BEGIN

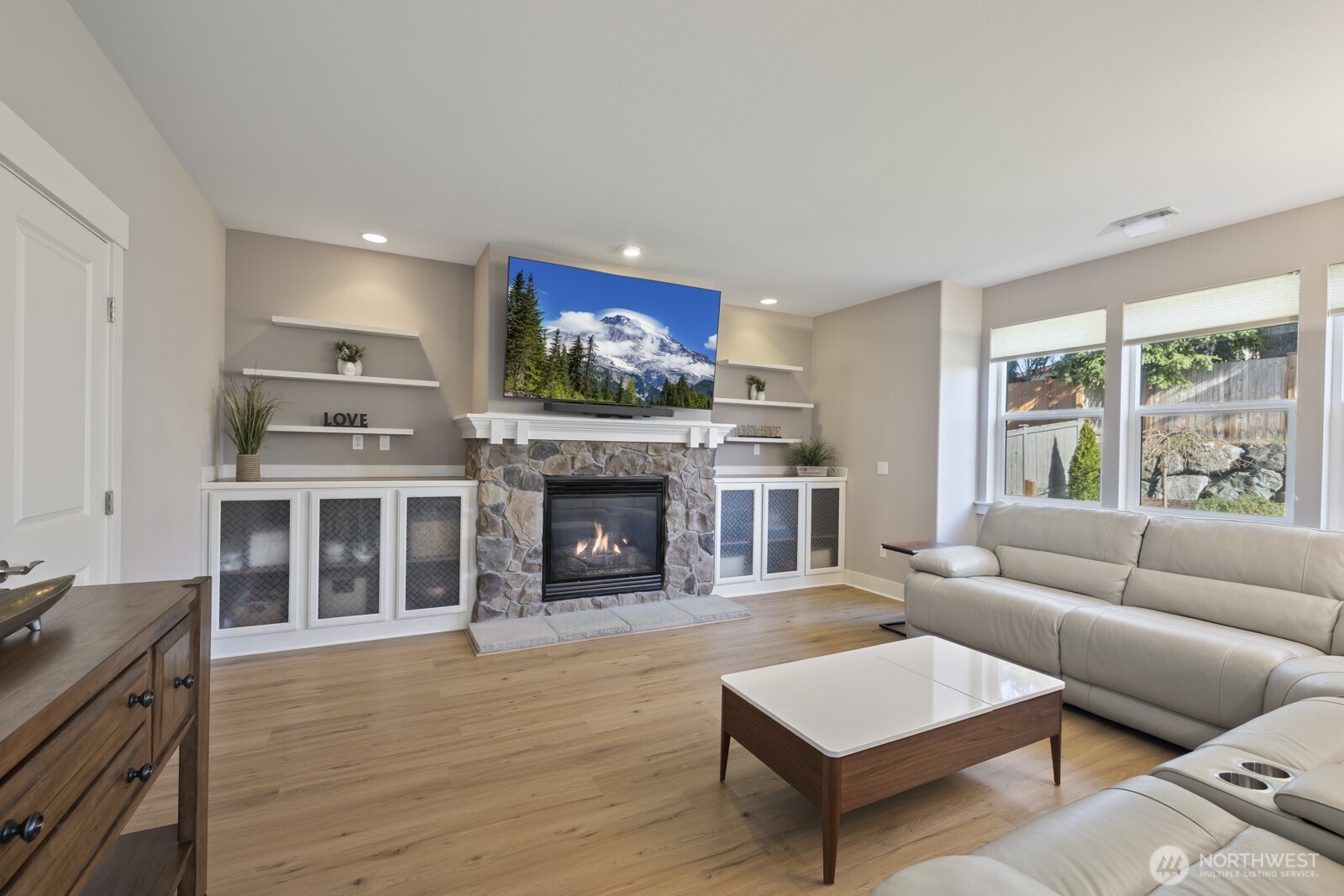 20507 9th Avenue W, Lynnwood, WA 98036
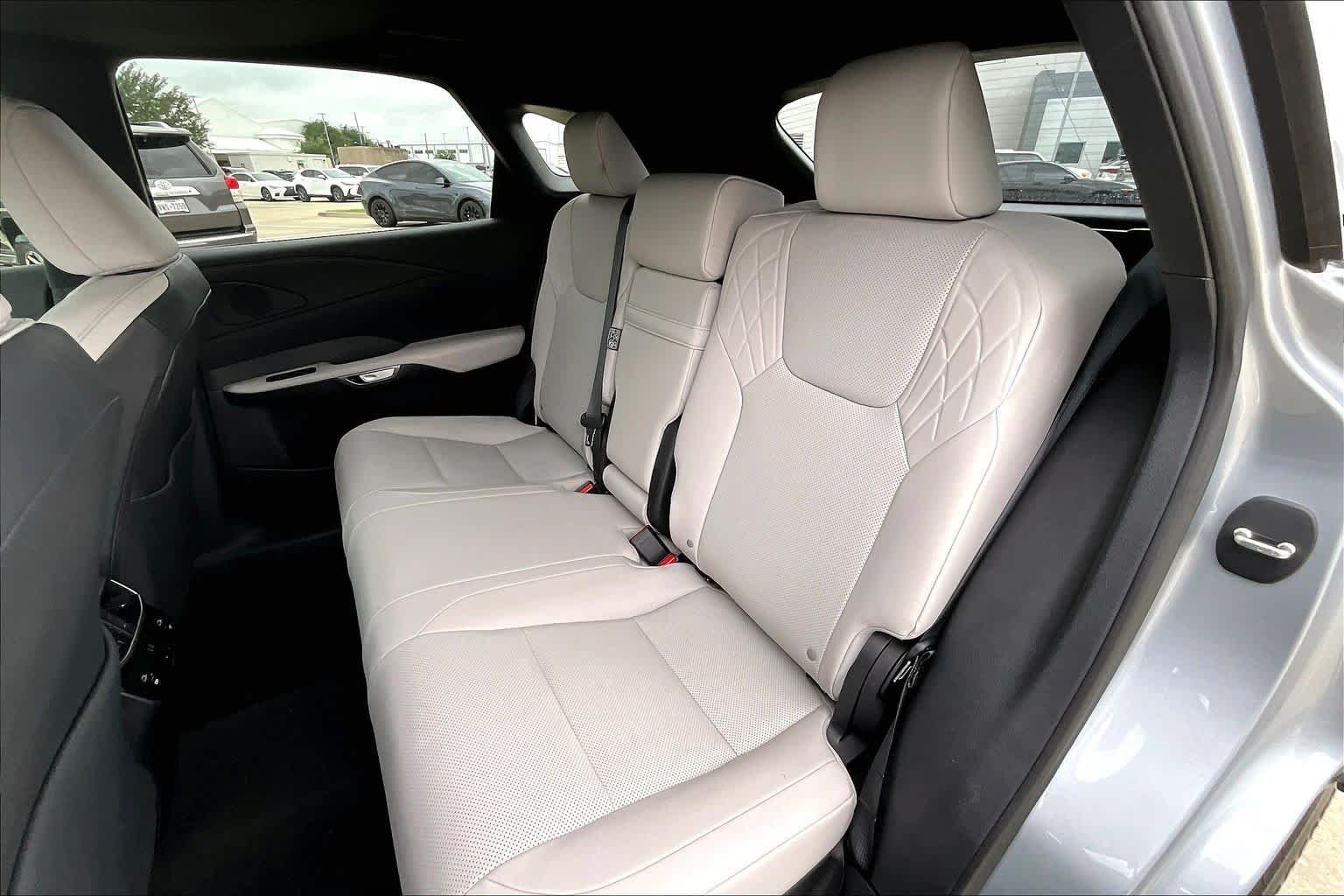 Used 2024 Iridium Lexus Premium image 21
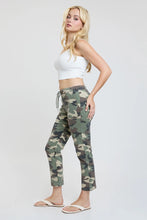 Load image into Gallery viewer, YMI Cargo Crop Pants
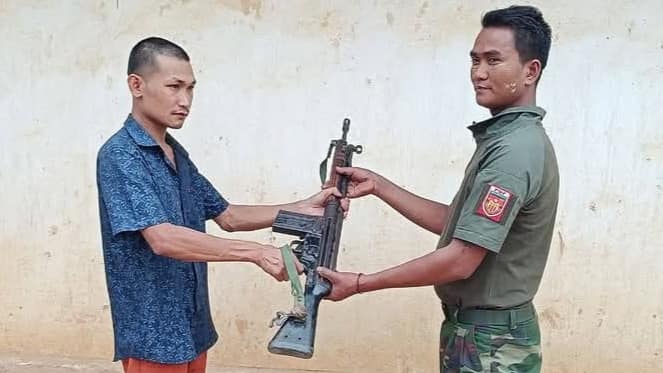 ဆားလင်းကြီးတွင် ဒုတပ်ကြပ် ၁ ဦး လက်နက်ခဲယမ်းများဖြင့် မိသားစုနှင့်အတူ အလင်းဝင်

END

Transcribe only the lines from the line holding "Load image into" to the final line of the listing above. Keep them exact, include both ends, and skip the pictures.

### ANSWER TO THIS TASK
 Load image into Gallery viewer, YMI Cargo Crop Pants
 ဆားလင်းကြီးတွင် ဒုတပ်ကြပ် ၁ ဦး လက်နက်ခဲယမ်းများဖြင့် မိသားစုနှင့်အတူ အလင်းဝင်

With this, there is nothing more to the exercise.